Tue Jan 31, 2012 2:13pm GMT
 

By Oliver Holmes

TRIPOLI (Reuters) - The Libyan government is to investigate reports by rights groups that former rebels who fought to oust Muammar Gaddafi are now torturing detainees in makeshift prisons around the country, Deputy Prime Minister Mustafa Abu Shagour said on Tuesday.

Abu Shagour's comments were a response to a damning statement last Thursday by the aid agency Medecins Sans Frontieres, saying it had stopped its work in detention centres in the city of Misrata because its medical staff were being asked to patch up detainees mid-way through torture sessions so they could go back for more abuse.
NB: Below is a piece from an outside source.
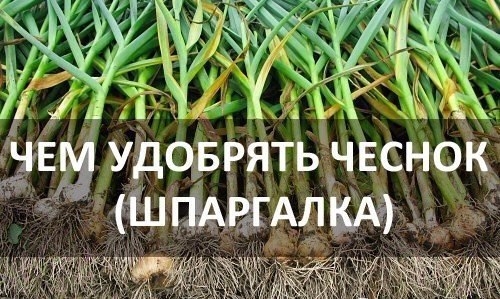 5 ОСОБЕННОСТЕЙ ВНЕСЕНИЯ УДОБРЕНИЯ ДЛЯ ЧЕСНОКА 5 ОСОБЕННОСТЕЙ ВНЕСЕНИЯ УДОБРЕНИЯ ДЛЯ ЧЕСНОКА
The agency said it was in Misrata, 200 km (130 miles) east of the Libyan capital and scene of some of the fiercest battles in the conflict, to treat war-wounded detainees but was instead having to treat fresh wounds from torture.

"Any violations of human rights will be subject to investigations," Abu Shagour told a two-day workshop organised by the United Nations and the European Union to address Libya's immediate priorities in the transitional period.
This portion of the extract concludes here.